That worked for me also, I received that same error message installing xorg via ports on FreeBSD 8.0.


----------



## rassilon (Aug 17, 2010)

*Doesn't work if using GNU Pth*

This is a work around, not a solution. Basically, if you are using GNU Pth (PTH option on the lang/python26 "make config" screen), then the pth.h file isn't found because it isn't included in the python headers. Because the GNU Pth option is off by default, most people don't run into the issue as it then uses a version included in python.
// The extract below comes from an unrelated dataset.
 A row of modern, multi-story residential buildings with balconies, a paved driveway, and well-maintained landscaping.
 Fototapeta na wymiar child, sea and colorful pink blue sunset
Thus, you can work around the problem by either copying or symlinking the real pth.h file into the python includes or reinstalling python without the GNU Pth option. However, the best solution would probably be to have the configure script check if devel/pth is installed.


----------



## Solaris (Oct 15, 2010)

This problem still exist on 8.1 release!, temporary workaround by enderli work fine .


----------



## Ashandy (Oct 25, 2011)

Try 
`ln -s /usr/local/lib/pth/libpth.a /usr/local/lib/`
`ln -s /usr/local/include/pth/pth.h /usr/local/include/python2.6`

Or rebuild python without PTH support.


----------



## Yaffle (Dec 5, 2012)

Solaris said:
			
		

> This problem still exist on 8.1 release!, temporary workaround by enderli work fine .



Again in 9.0....


----------



## Hawk (Mar 3, 2013)

And 9.1.


----------



## Deever (Apr 6, 2013)

And 10-CURRENT.


----------